Problem description:
Provide again, from the entries below, every line from the one containing "private fishing trip dubai 2" through the one containing "フィシングボートAir(エアー) 釣果", exactly as written, and no other line.

Supplied information:
****************************************

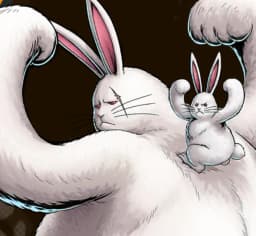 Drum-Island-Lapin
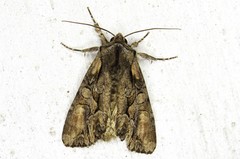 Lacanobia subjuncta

****************************************

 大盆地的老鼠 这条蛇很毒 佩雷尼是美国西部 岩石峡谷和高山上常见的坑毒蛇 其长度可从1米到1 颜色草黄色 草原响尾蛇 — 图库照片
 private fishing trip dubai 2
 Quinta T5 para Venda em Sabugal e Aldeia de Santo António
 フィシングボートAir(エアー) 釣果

****************************************

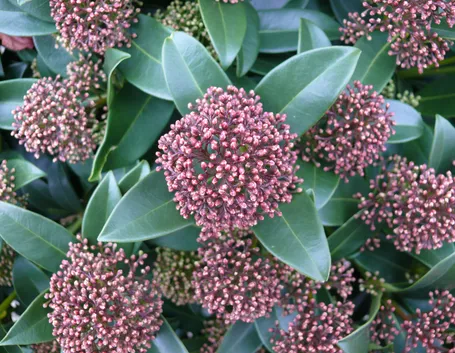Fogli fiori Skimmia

****************************************

Expected output:
 private fishing trip dubai 2
 Quinta T5 para Venda em Sabugal e Aldeia de Santo António
 フィシングボートAir(エアー) 釣果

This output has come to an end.